Bankruptcy is a legal procedure that allows an individual or business to have some or all of their debts discharged. It is typically considered as an option of last resort, because while it can stave off financial disaster, it has some substantial long-term consequences warranting careful consideration of the costs and benefits. Being a product of federal law, bankruptcy will go through federal courts. Accordingly, the procedure for filing for bankruptcy in Connecticut is basically the same as the procedure anywhere else in the United States.

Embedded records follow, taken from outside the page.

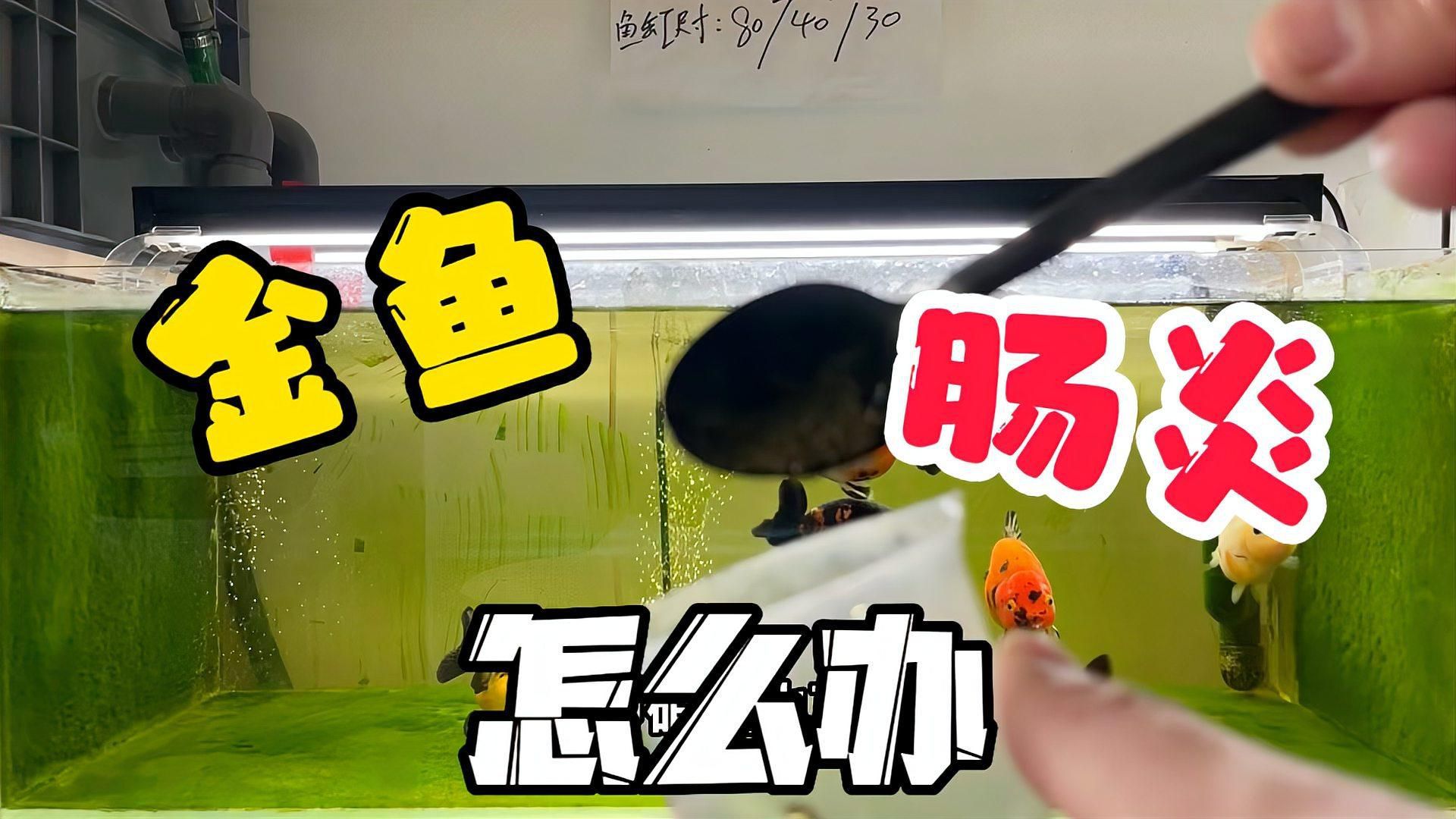 金魚拉稀怎么辦？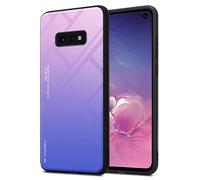 cadorabo Housse Compatible avec Samsung Galaxy S10e en Rose - Bleu - Coque de Protection Bicolore en Silicone TPU et Dos en Verre trempé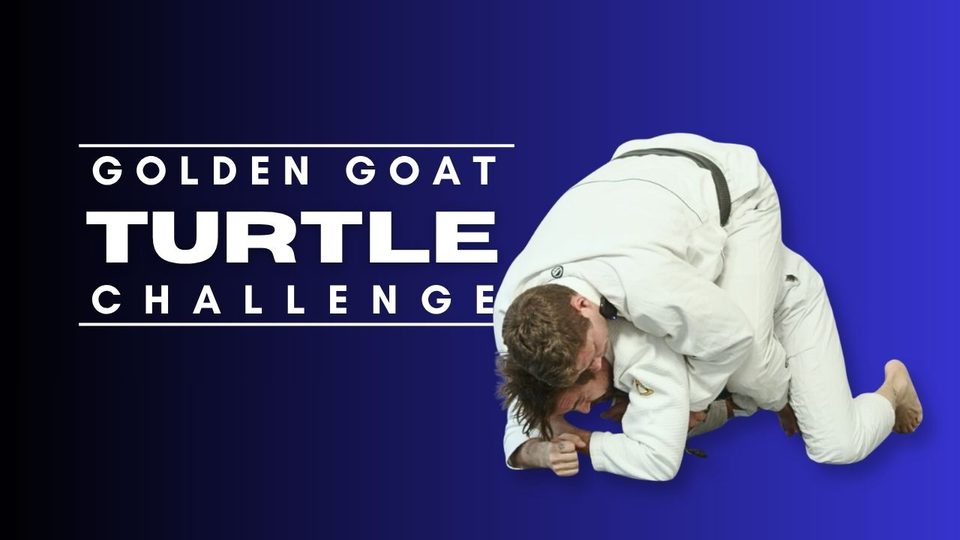 Turtle Challenge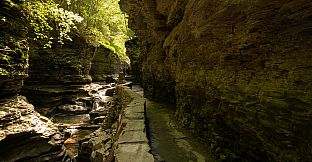 Get Lost In Nature With Luke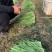 苏州小韭菜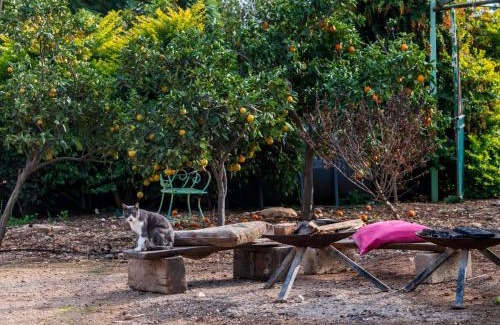 Bet Lehem HaGelilit Hotel | Kirshner Farm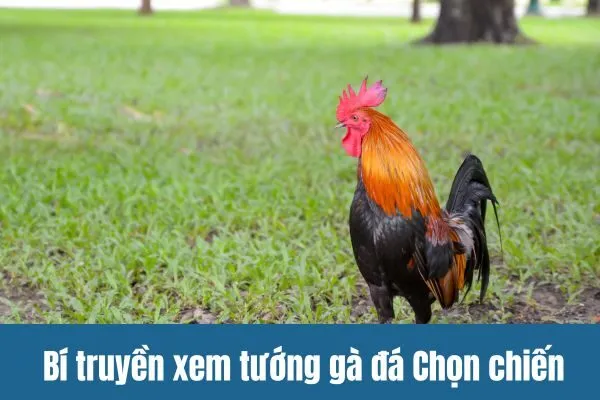 Bí truyền xem tướng gà đá Chọn chiến kê bất bại cùng SV388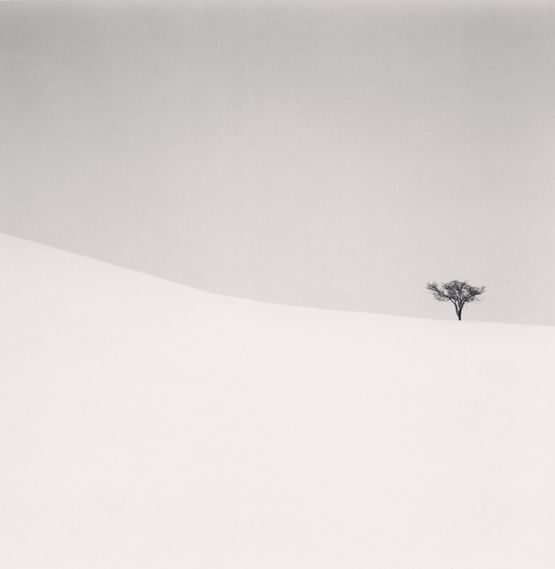 Single Tree Mita Hokkaido Japan by Michael Kenna contemporary artwork Photography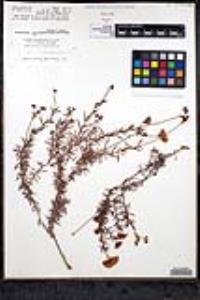 Eriogonum fasciculatum var. flavoviride image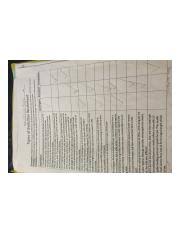 Word bank convergent evolution divergent evolution coevolution punctuated equilibrium. Worksheet Evolutionary Patterns Answer Key Pdf Eastern Regional High School Honors Biology Name Period Date Unit 15 U2013 Populations And Natural Course Hero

However, individual courts in New Milford, Connecticut will have distinct rules for exemptions, so you should speak with a local attorney before filing.

Chapter 7 Bankruptcy in New Milford, Connecticut

There are 2 typical forms of consumer bankruptcy in New Milford, Connecticut: Chapter 7 and 13. Chapter 7 bankruptcy involves liquidation of some of the debtor's assets. It requires some percentage of the debtor's property to be sold in order to pay off as much of his or her debt as possible. However, the majority of property that most people own is exempt. This typically includes homes, vehicles, insurance policies, and retirement accounts. These do not need to be sold.

Once all non-exempt assets are sold, and the money from the sales turned over to the creditors, most remaining debt is excused. But some types of debt cannot be discharged through Chapter 7 bankruptcy. These include child support payments, student loans, and criminal fines, among others. If most of your New Milford, Connecticut debts are not dischargeable, you might want to consider options other than bankruptcy.

Chapter 13 Bankruptcy in New Milford, Connecticut

Chapter 13 bankruptcy in New Milford, Connecticut is markedly different. It may or may not be a better option than Chapter 7, depending on the facts of your specific case. Chapter 13 Bankruptcy involves a court setting up a modified payment plan, which allows the debtor to pay off most or all of his debts over an extended period of time, through monthly payments that should, assuming that the debtor is willing to make a few sacrifices, be manageable.

Which Type of Consumer Bankruptcy Should I File in New Milford, Connecticut

This depends entirely on the facts of your specific case. If you have a decent amount of steady income, and a large amount of non-exempt property which you don't want to part with, Chapter 13 might be the best option for you. If most of your property is exempt, and you don't have much steady income, Chapter 7 might be the best option.

In any case, it would be a good idea to consult a local bankruptcy attorney in New Milford, Connecticut. Your attorney can make an educated judgment as to what your best option is, and advise you accordingly (of course, the choice to file for bankruptcy is ultimately yours).